His 63-year-old parents, Victor and Cecelia Fontaine, his sister and her four-year-old son all lived together on the same plot of land.
"When I went there I actually saw at the back of the house a lot of dirt, like a little slide. The windows, [my mother] had to send it down or the dirt would come inside and flood the place.
"At the back of my sister's home was the same thing. I told [my mother] to leave and she was [leaving to go] to my brother's house."
Fabian knew his brother Alex Fontaine had worked the night shift at the Dominica Essential Oils and Spices Cooperative (DEOSC) distillery some distance away.
He wanted to ensure that he was okay and to tell him to go and check on his girlfriend and their nine-month-old baby.
But his brother had already left the distillery, and just in time too because the water in the river was rising rapidly and had already covered the bridge, making it impassible.
Fabian eventually found his brother taking shelter from the rain in another resident's cellar.
Fabian, Alex, their uncle and six other men looked on for a while as the river roared by, the powerful currents tossing huge trees like they were toys.
The river had transformed completely, bearing no resemblance to the gently flowing waterway Fabian had played in as a boy.
As they watched the river swell, the group suddenly heard a loud explosion.
"Suddenly, I heard a big noise…like a bomb…" A landslide had engulfed the Dominica Essential Oils and Spices distillery and the boiler had exploded.
Within seconds, everyone was covered with debris. "I thought it was the last day of my life…" Fabian said.
Covered in thick muck from head to toe, Fontaine found himself being propelled in a slurry of earth, rocks and debris mixed with water from the river, which had now overflowed its banks.
Fabian prayed as he continued to tumble.
"While I was praying I could hear the water …washing the mud away from me…."
Fabian managed to grab a root and pull himself out of the mud. He was battered and bruised —but alive!

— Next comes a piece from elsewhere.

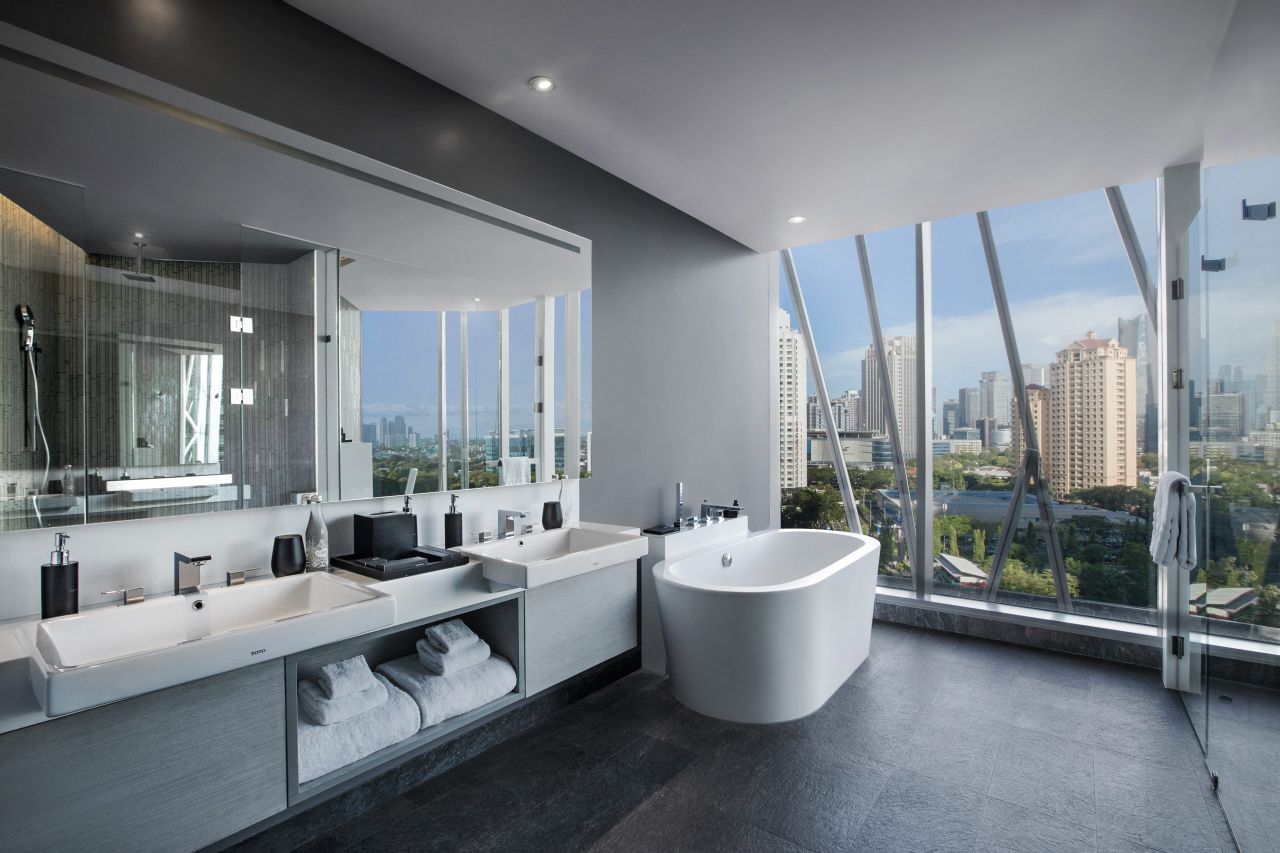 Deluxe Bathroom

Two cousins rushed to his assistance and took him to their home where they threw water on him to wash away some of the mud. "After a few minutes, I saw my uncle coming. But then I did not see the rest of the guys. All of them had perished," Fabian said.
"Then I was running home to tell my mother what happened…on my way home, I did not see my home. My aunty's home, I did not see. My brother Alex that passed away, his home was crushed as well. The whole place was devastated."
"And all what you can see in Petite Savanne…no matter where you put your eyes, it's slides.
"I was shouting, screaming….everything was strange…first time I was facing those things in my life.
"I thought my mother and father would get old and I would take care of them, but they just left me…" he said.
Fabian ran to a neighbor's house where he found his sister with her son and another brother Cyrus who was badly injured.
He found that his parents and brother had already died, and his brother's adopted daughter as well, along with an aunt and her husband, four first cousins, two uncles and an uncle's wife.
There was no cell phone service at first, but someone was eventually able to phone for help, which arrived shortly after.
Three days later, Fabian was out of the village. But not before he had helped to bury four bodies found in the aftermath.
He buried his first cousin and third cousin— Simon Laurent and Raphael Darroux, his aunt's husband— Jonathan Antoine and 17-year-old Gavin Baron.
"They found a body…I was not there to identify and they say she looked like my first cousin…" he said.
His sister told him that after Fabian had left that morning, she was forced to flee the house with her child.